Every day, your immune system comes across tens of thousands of foreign
organisms. It’s up to the innate immune cells – a set of white blood cells
that act as the sentries of the immune system – to screen these organisms
to determine what’s dangerous, but perhaps more importantly, what can be
ignored.
“Generally, our innate immune cells have certain chemical cues that can
identify self from non-self, and when they see something that’s not
harmful, they can say ‘don’t attack this.’ —otherwise we’d be fighting
everything,” explained
Peter Deak, PhD
, assistant professor of chemical and biological engineering at Drexel
Engineering. “But occasionally, they see something innocuous – like our own
cells – as dangerous, and attack.”
This malfunction is the basic definition of an autoimmune disease, and
Deak’s research could unlock a unique way to fight them.
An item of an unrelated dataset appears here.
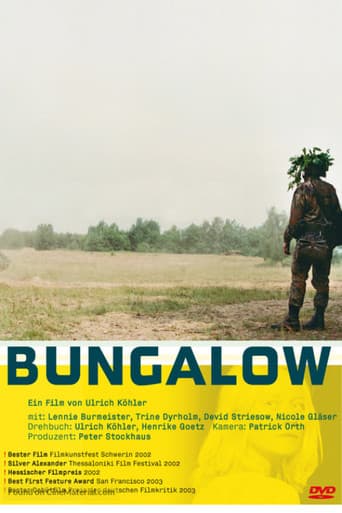 Bungalow poster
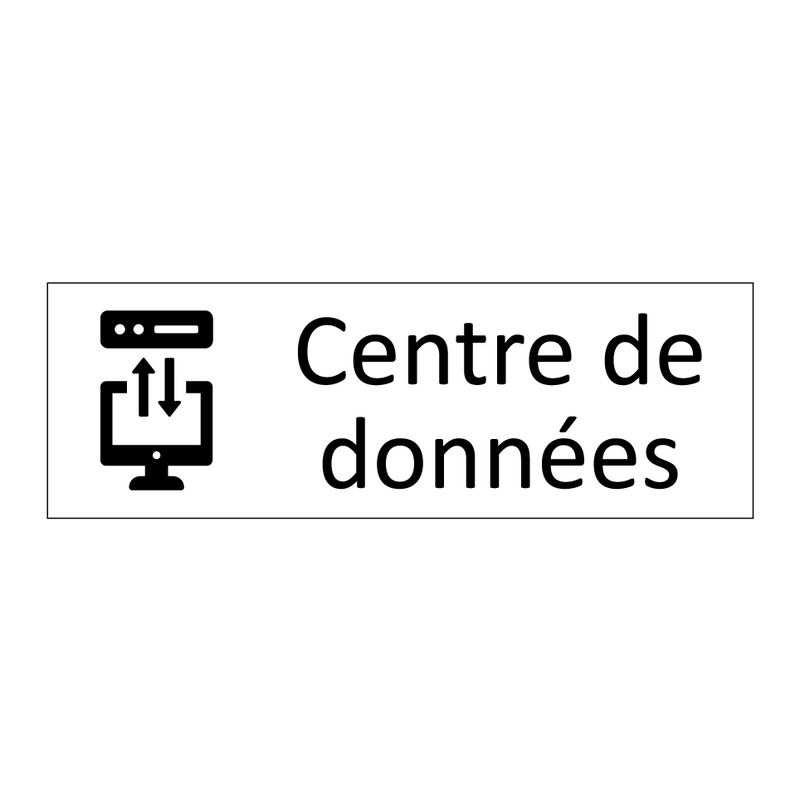Centre de données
“My work right now is specifically looking at multiple sclerosis, because
there’s solid evidence about how that works,” he said. “The innate immune
cells in the brain see proteins in nerve cells and think they’re
pathogenic, and they tell the body to attack them, which creates
inflammation, which in turn drives more immune response, creating more
inflammation, and it snowballs. So, if we can reconstruct the innate immune
cells to be more tolerant then we can cut that off from just sort of
spiraling out of control.”
Deak’s research recently received support from the Margaret Q. Landenberger
Research Foundation, a non-profit private organization which focuses its
support on promising early-stage medical researchers. If successful, his
research could lead to new therapeutics for autoimmune diseases that could
target the source of the problem, a vast improvement over current
treatments.
“The main problem in that the treatments that exist now are basically just
broad spectrum immunosuppressants, which work to an extent, but you have to
take them for the rest of your life, and because you’re suppressing
everything, you’re more at-risk for cancer, infection and almost every
other disease out there,” Deak explained. “If we can target the one protein
that causes the autoimmune response, we could potentially make a memory
response that’s tolerant, and that’s kind of the Holy Grail of autoimmune
treatment.”
Deak sees his research as a cross between engineering, chemistry and
immunology.
“I’m kind of wearing three hats,” he said. “I look at how these molecular
compounds interact with dendritic cells, which are our primary antigen
presenting cells, and I look for specific markers that signify whether they
will fight the compound or have a tolerant reaction. Then I have to figure
out the most effective way to deliver that compound to the body.”
The difficulty in this final step is that, in the past, therapeutics were
delivered with an immunosuppressant. This would create a short-term
tolerance, but the body didn’t learn and replicate the instructions to
remain tolerant, and if the immunosuppressants were stopped, so too was the
fix.
“What I found during my post-doc is that, if you combined an inhibitory
signal with an immunostimulant – something like you would normally put in
like a vaccine – that actually caused the dendritic cells to be tolerant,
but also to continue to replicate and actively present antigen,” he said.
“But now I'm really looking for a more sophisticated and simple solution,
because the first one I found was a little complex, requiring multiple
drugs to be delivered at different times, so it couldn’t be translated into
a realistic therapy.”
Deak’s research has been published in Cell Reports, Biomaterials and other peer-reviewed journals. He is currently building a team of graduate and undergraduate students to help him further his research.